Anyway, enough blathering off unsolicited advice...what was I thinking?!

I LOVE your page!

xo arlene

Sarah said...

hi Kim

I love the work you are creating, and identify very much with the fear.

no advice, other than wait it out as it WILL subside

I had a very dark year last year and didn't think I would get ever out of it. I tried lots of different approaches to lifting my depression - none of them seemed to work.

but one day I woke up and realised I was ok again - like a weight lifted off my chest.

Interestingly, I did much of my very best art/craft work during that period, so I guess it wasn't all bad :)

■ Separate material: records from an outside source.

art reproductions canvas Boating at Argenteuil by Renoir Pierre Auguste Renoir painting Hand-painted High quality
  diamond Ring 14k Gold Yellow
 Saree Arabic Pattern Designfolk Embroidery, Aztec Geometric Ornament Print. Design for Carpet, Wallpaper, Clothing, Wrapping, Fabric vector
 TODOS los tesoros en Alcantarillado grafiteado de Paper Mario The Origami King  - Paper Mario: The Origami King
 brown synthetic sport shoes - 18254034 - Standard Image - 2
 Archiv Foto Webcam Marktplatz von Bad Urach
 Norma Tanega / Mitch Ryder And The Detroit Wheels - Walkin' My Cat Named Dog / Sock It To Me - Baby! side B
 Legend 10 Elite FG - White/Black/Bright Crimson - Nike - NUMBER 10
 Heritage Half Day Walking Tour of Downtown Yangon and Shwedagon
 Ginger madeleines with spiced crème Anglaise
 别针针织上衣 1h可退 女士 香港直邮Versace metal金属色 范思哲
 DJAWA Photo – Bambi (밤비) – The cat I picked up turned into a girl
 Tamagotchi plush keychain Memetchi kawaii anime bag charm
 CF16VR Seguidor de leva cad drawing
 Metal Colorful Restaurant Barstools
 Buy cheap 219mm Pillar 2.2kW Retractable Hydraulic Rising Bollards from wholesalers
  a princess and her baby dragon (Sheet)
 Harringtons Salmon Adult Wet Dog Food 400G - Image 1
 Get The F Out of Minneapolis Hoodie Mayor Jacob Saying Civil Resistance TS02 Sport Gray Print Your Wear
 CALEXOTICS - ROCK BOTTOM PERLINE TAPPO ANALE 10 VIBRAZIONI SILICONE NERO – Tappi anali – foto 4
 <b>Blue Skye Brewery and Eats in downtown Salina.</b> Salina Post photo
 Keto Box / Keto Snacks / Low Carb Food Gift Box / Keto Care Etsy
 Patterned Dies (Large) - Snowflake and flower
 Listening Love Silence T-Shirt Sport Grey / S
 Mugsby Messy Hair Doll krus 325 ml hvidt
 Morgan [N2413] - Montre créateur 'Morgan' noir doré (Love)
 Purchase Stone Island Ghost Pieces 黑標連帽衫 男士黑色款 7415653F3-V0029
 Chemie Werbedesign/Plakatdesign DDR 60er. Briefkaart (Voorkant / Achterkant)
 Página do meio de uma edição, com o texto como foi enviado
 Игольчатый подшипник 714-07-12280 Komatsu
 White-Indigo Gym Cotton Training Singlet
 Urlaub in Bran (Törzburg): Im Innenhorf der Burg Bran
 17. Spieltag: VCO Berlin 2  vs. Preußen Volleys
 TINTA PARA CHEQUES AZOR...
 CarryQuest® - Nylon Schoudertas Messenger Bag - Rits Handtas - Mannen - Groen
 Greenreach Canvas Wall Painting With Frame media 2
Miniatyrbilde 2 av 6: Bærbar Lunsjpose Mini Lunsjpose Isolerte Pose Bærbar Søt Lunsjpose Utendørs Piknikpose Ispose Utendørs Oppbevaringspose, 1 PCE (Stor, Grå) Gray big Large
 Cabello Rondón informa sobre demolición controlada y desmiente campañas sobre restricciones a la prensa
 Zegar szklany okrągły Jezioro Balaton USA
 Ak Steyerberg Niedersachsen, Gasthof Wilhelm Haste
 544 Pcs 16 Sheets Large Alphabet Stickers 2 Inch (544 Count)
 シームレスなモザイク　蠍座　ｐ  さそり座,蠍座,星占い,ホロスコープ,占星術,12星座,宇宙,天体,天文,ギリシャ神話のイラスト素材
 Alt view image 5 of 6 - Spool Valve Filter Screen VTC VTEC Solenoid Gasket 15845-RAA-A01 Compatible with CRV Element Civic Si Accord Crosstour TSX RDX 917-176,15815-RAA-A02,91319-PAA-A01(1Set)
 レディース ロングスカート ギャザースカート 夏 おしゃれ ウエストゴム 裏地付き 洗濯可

I hope your weight lifts soon x

FAQ said...

Its true, everyone feels stuck sometimes. Have you read The Secret? It is an awesome book, it really inspired me. Its not for everyone but perhaps you would enjoy it. Reading is what always gets me pumped up again. You are a lovely lady and you just keep putting one foot in front of the other and reach out to people, meet new people, seek support from your friends and family. Love ya

FAQ said...

Its true, everyone feels stuck sometimes. Have you read The Secret? It is an awesome book, it really inspired me. Its not for everyone but perhaps you would enjoy it. Reading is what always gets me pumped up again. You are a lovely lady and you just keep putting one foot in front of the other and reach out to people, meet new people, seek support from your friends and family. Love ya

Jennifer said...

I think the sticky stuckness is going around like a flu. It's an epidemic as I read around different areas. I feel it. I feel a desire to move and the awareness of what holds me back...I feel that I can't see myself beyond the moment or fear my amazing self that waits to be realized just beyond the moment of stuckness. Then there's the world around me and if people, things, and events would behave as I have planned, things would be so much smoother, LOL!